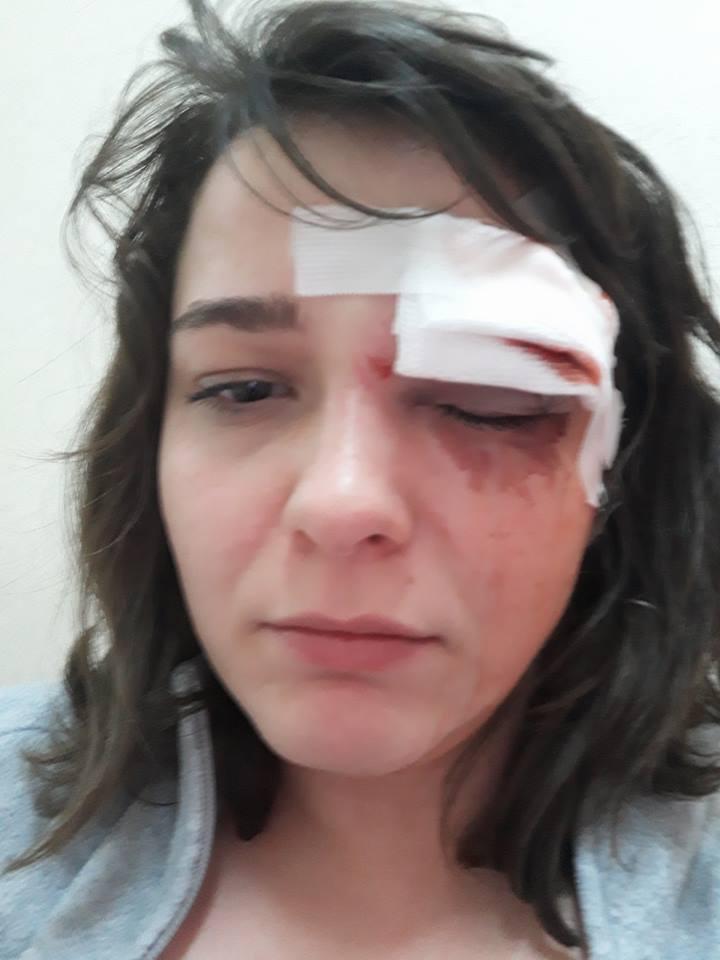 O tânără din Capitală a fost bătută și jefuită chiar în apropierea casei. Totul a durat câteva minute 525131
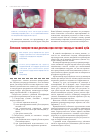 Научная статья на тему 'Лечение гиперестезии дентина при потере твердых тканей зуба'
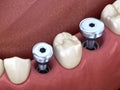 Temporary Implant abutments. Medically accurate 3D illustration of human teeth and dentures concept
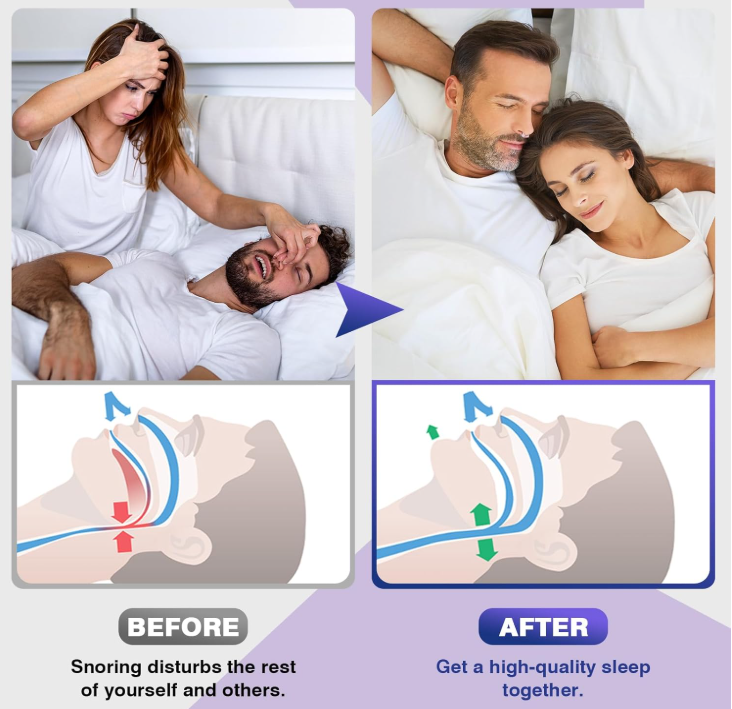 Anti Snoring Ring Device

════════════════

Output the data exactly. Pictures don't belong in the result.

 O tânără din Capitală a fost bătută și jefuită chiar în apropierea casei. Totul a durat câteva minute 525131
 Научная статья на тему 'Лечение гиперестезии дентина при потере твердых тканей зуба'
 Temporary Implant abutments. Medically accurate 3D illustration of human teeth and dentures concept
 Anti Snoring Ring Device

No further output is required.